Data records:
☆ ☆ ☆ ☆ ☆
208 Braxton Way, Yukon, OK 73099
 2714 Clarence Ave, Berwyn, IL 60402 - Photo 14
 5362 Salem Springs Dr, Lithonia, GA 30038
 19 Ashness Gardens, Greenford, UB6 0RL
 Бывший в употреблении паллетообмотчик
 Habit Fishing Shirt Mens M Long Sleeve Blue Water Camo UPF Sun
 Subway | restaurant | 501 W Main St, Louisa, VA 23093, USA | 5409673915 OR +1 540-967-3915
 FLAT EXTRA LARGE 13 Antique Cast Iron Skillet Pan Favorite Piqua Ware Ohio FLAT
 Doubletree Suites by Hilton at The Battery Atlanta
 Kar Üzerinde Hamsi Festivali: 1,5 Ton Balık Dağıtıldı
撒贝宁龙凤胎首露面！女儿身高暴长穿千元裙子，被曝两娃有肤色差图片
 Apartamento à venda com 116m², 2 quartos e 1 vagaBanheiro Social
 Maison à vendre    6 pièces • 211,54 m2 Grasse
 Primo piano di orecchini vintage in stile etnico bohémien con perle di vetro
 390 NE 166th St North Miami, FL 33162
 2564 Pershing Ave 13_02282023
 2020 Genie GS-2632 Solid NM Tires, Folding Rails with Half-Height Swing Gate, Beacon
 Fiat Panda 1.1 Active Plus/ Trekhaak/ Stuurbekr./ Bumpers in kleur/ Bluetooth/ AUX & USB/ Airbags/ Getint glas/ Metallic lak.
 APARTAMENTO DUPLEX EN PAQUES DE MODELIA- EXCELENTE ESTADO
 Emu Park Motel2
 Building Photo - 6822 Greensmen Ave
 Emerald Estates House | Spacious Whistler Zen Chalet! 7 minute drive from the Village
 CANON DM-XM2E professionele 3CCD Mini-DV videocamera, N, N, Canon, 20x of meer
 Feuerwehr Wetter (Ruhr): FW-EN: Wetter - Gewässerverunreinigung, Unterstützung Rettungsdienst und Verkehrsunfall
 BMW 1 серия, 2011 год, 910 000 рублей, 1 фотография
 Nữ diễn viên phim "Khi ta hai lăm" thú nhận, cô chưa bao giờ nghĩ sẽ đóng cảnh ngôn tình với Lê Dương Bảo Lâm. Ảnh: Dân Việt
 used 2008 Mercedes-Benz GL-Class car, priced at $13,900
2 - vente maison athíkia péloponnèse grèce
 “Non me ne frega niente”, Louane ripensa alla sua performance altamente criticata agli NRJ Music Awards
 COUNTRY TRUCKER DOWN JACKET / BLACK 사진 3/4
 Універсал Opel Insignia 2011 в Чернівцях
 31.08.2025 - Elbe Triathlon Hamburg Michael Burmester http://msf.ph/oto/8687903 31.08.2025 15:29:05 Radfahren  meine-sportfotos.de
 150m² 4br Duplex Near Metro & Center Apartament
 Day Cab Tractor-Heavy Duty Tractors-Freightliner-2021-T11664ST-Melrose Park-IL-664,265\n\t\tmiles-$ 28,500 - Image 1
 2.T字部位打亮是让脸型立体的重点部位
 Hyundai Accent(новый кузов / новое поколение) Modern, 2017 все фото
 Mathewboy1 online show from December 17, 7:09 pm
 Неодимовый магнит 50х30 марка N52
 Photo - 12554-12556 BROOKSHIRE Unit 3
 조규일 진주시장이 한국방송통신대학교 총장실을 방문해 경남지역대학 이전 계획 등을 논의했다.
☆ ☆ ☆ ☆ ☆
## Your goal
Your task is to quote, without any alteration, the lines running from the top of the records to the line that holds "Doubletree Suites by", both included.

## Answer below
208 Braxton Way, Yukon, OK 73099
 2714 Clarence Ave, Berwyn, IL 60402 - Photo 14
 5362 Salem Springs Dr, Lithonia, GA 30038
 19 Ashness Gardens, Greenford, UB6 0RL
 Бывший в употреблении паллетообмотчик
 Habit Fishing Shirt Mens M Long Sleeve Blue Water Camo UPF Sun
 Subway | restaurant | 501 W Main St, Louisa, VA 23093, USA | 5409673915 OR +1 540-967-3915
 FLAT EXTRA LARGE 13 Antique Cast Iron Skillet Pan Favorite Piqua Ware Ohio FLAT
 Doubletree Suites by Hilton at The Battery Atlanta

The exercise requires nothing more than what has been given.